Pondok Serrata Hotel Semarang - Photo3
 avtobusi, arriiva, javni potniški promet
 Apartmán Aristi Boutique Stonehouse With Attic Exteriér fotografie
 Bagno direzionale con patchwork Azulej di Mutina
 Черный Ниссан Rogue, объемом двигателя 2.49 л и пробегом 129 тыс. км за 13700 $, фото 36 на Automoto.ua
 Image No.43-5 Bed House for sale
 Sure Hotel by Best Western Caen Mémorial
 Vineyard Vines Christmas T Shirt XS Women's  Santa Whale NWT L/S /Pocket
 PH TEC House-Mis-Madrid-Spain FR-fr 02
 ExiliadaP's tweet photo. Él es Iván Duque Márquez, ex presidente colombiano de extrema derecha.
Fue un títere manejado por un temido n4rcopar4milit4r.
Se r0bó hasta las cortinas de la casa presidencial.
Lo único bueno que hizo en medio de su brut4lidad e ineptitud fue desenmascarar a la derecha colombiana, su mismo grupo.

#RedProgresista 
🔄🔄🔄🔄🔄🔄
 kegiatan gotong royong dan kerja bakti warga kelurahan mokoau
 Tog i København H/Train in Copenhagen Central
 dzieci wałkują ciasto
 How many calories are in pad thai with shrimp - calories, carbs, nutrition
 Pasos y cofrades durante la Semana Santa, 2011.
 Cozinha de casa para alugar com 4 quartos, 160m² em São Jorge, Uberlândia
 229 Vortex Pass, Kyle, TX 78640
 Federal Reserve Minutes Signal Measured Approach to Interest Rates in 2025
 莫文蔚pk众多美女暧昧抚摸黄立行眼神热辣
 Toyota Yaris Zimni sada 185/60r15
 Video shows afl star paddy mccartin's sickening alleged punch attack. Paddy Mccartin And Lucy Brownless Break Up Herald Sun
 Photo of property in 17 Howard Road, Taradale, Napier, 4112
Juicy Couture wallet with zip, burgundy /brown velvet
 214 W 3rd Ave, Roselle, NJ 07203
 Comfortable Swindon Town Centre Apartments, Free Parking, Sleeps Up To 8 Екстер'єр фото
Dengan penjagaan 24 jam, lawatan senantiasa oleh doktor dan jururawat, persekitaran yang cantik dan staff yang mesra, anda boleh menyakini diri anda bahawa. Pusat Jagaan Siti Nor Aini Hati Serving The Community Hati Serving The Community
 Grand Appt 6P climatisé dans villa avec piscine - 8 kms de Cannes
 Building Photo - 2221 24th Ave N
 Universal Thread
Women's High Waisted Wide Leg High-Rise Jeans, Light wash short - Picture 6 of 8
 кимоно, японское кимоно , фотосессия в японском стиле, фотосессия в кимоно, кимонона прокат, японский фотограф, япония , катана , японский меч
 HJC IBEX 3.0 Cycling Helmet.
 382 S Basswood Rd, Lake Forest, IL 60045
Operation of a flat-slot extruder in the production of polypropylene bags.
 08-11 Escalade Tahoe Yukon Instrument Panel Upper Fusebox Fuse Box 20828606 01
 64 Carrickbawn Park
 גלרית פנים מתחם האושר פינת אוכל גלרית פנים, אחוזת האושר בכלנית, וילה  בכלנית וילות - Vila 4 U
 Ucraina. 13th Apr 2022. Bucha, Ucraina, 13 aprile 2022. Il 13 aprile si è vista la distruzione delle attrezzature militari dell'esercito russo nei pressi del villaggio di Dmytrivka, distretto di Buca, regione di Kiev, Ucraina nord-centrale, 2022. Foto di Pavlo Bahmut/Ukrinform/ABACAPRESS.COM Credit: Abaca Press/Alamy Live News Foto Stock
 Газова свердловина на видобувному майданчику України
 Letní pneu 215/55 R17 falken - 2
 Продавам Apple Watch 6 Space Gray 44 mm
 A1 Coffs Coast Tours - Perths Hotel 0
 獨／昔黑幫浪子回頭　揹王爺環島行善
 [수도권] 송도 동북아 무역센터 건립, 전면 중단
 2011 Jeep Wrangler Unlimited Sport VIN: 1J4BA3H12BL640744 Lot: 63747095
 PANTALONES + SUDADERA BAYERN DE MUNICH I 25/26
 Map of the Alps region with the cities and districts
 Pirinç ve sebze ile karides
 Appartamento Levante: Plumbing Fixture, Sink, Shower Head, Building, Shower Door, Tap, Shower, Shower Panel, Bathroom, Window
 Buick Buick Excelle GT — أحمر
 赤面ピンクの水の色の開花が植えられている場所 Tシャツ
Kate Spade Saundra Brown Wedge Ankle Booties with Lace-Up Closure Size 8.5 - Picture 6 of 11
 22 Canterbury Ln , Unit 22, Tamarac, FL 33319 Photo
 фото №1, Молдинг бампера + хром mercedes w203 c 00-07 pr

> [Task goal]
Type the whole listing again, unaltered.

> [Result for this task]
Pondok Serrata Hotel Semarang - Photo3
 avtobusi, arriiva, javni potniški promet
 Apartmán Aristi Boutique Stonehouse With Attic Exteriér fotografie
 Bagno direzionale con patchwork Azulej di Mutina
 Черный Ниссан Rogue, объемом двигателя 2.49 л и пробегом 129 тыс. км за 13700 $, фото 36 на Automoto.ua
 Image No.43-5 Bed House for sale
 Sure Hotel by Best Western Caen Mémorial
 Vineyard Vines Christmas T Shirt XS Women's  Santa Whale NWT L/S /Pocket
 PH TEC House-Mis-Madrid-Spain FR-fr 02
 ExiliadaP's tweet photo. Él es Iván Duque Márquez, ex presidente colombiano de extrema derecha.
Fue un títere manejado por un temido n4rcopar4milit4r.
Se r0bó hasta las cortinas de la casa presidencial.
Lo único bueno que hizo en medio de su brut4lidad e ineptitud fue desenmascarar a la derecha colombiana, su mismo grupo.

#RedProgresista 
🔄🔄🔄🔄🔄🔄
 kegiatan gotong royong dan kerja bakti warga kelurahan mokoau
 Tog i København H/Train in Copenhagen Central
 dzieci wałkują ciasto
 How many calories are in pad thai with shrimp - calories, carbs, nutrition
 Pasos y cofrades durante la Semana Santa, 2011.
 Cozinha de casa para alugar com 4 quartos, 160m² em São Jorge, Uberlândia
 229 Vortex Pass, Kyle, TX 78640
 Federal Reserve Minutes Signal Measured Approach to Interest Rates in 2025
 莫文蔚pk众多美女暧昧抚摸黄立行眼神热辣
 Toyota Yaris Zimni sada 185/60r15
 Video shows afl star paddy mccartin's sickening alleged punch attack. Paddy Mccartin And Lucy Brownless Break Up Herald Sun
 Photo of property in 17 Howard Road, Taradale, Napier, 4112
Juicy Couture wallet with zip, burgundy /brown velvet
 214 W 3rd Ave, Roselle, NJ 07203
 Comfortable Swindon Town Centre Apartments, Free Parking, Sleeps Up To 8 Екстер'єр фото
Dengan penjagaan 24 jam, lawatan senantiasa oleh doktor dan jururawat, persekitaran yang cantik dan staff yang mesra, anda boleh menyakini diri anda bahawa. Pusat Jagaan Siti Nor Aini Hati Serving The Community Hati Serving The Community
 Grand Appt 6P climatisé dans villa avec piscine - 8 kms de Cannes
 Building Photo - 2221 24th Ave N
 Universal Thread
Women's High Waisted Wide Leg High-Rise Jeans, Light wash short - Picture 6 of 8
 кимоно, японское кимоно , фотосессия в японском стиле, фотосессия в кимоно, кимонона прокат, японский фотограф, япония , катана , японский меч
 HJC IBEX 3.0 Cycling Helmet.
 382 S Basswood Rd, Lake Forest, IL 60045
Operation of a flat-slot extruder in the production of polypropylene bags.
 08-11 Escalade Tahoe Yukon Instrument Panel Upper Fusebox Fuse Box 20828606 01
 64 Carrickbawn Park
 גלרית פנים מתחם האושר פינת אוכל גלרית פנים, אחוזת האושר בכלנית, וילה  בכלנית וילות - Vila 4 U
 Ucraina. 13th Apr 2022. Bucha, Ucraina, 13 aprile 2022. Il 13 aprile si è vista la distruzione delle attrezzature militari dell'esercito russo nei pressi del villaggio di Dmytrivka, distretto di Buca, regione di Kiev, Ucraina nord-centrale, 2022. Foto di Pavlo Bahmut/Ukrinform/ABACAPRESS.COM Credit: Abaca Press/Alamy Live News Foto Stock
 Газова свердловина на видобувному майданчику України
 Letní pneu 215/55 R17 falken - 2
 Продавам Apple Watch 6 Space Gray 44 mm
 A1 Coffs Coast Tours - Perths Hotel 0
 獨／昔黑幫浪子回頭　揹王爺環島行善
 [수도권] 송도 동북아 무역센터 건립, 전면 중단
 2011 Jeep Wrangler Unlimited Sport VIN: 1J4BA3H12BL640744 Lot: 63747095
 PANTALONES + SUDADERA BAYERN DE MUNICH I 25/26
 Map of the Alps region with the cities and districts
 Pirinç ve sebze ile karides
 Appartamento Levante: Plumbing Fixture, Sink, Shower Head, Building, Shower Door, Tap, Shower, Shower Panel, Bathroom, Window
 Buick Buick Excelle GT — أحمر
 赤面ピンクの水の色の開花が植えられている場所 Tシャツ
Kate Spade Saundra Brown Wedge Ankle Booties with Lace-Up Closure Size 8.5 - Picture 6 of 11
 22 Canterbury Ln , Unit 22, Tamarac, FL 33319 Photo
 фото №1, Молдинг бампера + хром mercedes w203 c 00-07 pr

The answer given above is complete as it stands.